Developing fits specifically for women started the ball rolling on today’s even wider variety of fits: tight for those who like them tight, several gradations of roomy for those who prefer comfort, huge for those who want room for company in their jeans.
People wear their jeans differently, explained Angelo LaGrega, president of VF Corp.’s mass market jeanswear division, which includes the Wrangler, Riders and Chic brands.
LaGrega’s business targets women with two sets of needs. One target customer “wants a flattering product, he said. “The first thing she does when she tries on a jean is run to look in the mirror. She wants to look attractive in those jeans, and that is a major motivator. The opposite end of the spectrum is the consumer who wants to feel so comfortable when she puts them on, to have a Saturday-morning kind of feeling.”

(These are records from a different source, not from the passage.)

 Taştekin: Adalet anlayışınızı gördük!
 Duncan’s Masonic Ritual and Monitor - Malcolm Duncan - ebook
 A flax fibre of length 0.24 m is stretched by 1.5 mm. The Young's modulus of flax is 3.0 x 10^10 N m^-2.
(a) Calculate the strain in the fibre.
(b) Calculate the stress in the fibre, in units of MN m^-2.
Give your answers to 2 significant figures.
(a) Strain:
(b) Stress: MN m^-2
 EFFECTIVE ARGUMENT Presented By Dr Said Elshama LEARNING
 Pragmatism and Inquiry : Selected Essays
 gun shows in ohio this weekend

Just as jeans can mean different things to different customers in terms of fit, they also occupy a variety of fashion niches depending on the customer’s lifestyle.

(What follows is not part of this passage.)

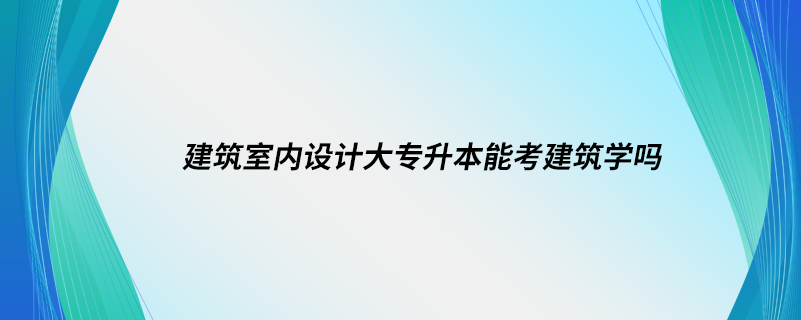 建筑室內(nèi)設計大專升本能考建筑學嗎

“Jeans are either very casual or can be dressy, depending on the occasion and point of view of the wearer,” said Beverly Rice, senior vice president for merchandising strategy at Jacobson’s, a 24-store Indianapolis-based specialty chain. “Older customers are more inclined to wear jeans for leisure and younger customers are more inclined to see them as all-purpose.”
But why do so many people want to wear jeans?
Because they’re associated with youth and sexiness, most observers agree.
“Denim is more than just an American way of dressing, it’s a billboard for individuality,” said designer Tommy Hilfiger. “For the past 50 years, denim has achieved an ever-changing uniqueness by being the canvas through which youth expresses itself.”
Steele, the historian, said jeans retain their association with individuality and rebellion, qualities that are to some degree romanticized by Americans.
“Even as they’ve been increasingly incorporated into the fashion system, nevertheless they still carry some of the same antiestablishment charge,” she said. “They still seem individual, iconoclastic and young. They are one of the few kinds of clothing that has very strong associations for people all over the world.”